A recent proposal by a panel of experts at the Internal Affairs and Communications Ministry for more diverse forms of municipal assemblies seeks to address a grim challenge to sustaining democracy in Japan’s rural areas. Because of the rapidly aging and declining population, there is a shortage of people willing to run for their local assembly. In small towns and villages, a majority of assembly members win their seats uncontested.
Last year, a sparsely populated village in the mountains of Kochi Prefecture made headlines when it contemplated the idea of abolishing its elected assembly in favor of an all-resident council, which verges on direct democracy, because it feared that the assembly will soon become unsustainable amid a dearth of candidates.
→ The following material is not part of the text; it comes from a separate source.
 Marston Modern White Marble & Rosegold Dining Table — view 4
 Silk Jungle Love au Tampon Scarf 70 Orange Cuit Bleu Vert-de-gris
Although the village has shelved the idea for now, its problems are not unique and could potentially crop up in many other depopulated municipalities.
Currently, assemblies for prefectures, cities, towns and villages — the deliberative organs of local public entities under Article 93 of the Constitution — run on a uniform mechanism irrespective of size, with members directly elected by local residents voting on budgets and ordinances. The report compiled by the ministry panel last Monday proposed creating two new forms of local assemblies for small towns and villages. Each municipality will be asked to decide between maintaining the current mechanism or adopting one of the two new options.
The first option eases rules against assembly members concurrently holding another job. It is assumed that members are not exclusively working as an officeholder, and their compensation will be kept at supplementary levels. Assembly sessions will be held on weekends or weekday evenings to make holding down a regular job easier. Employees of other local governments as well as executives of companies that do business with the municipality will be eligible to be assembly members, which is barred under current prohibitions. To ensure fairness in business transactions with such companies, matters pertaining to contracts and the disposal of assets will be removed from the assembly’s jurisdiction.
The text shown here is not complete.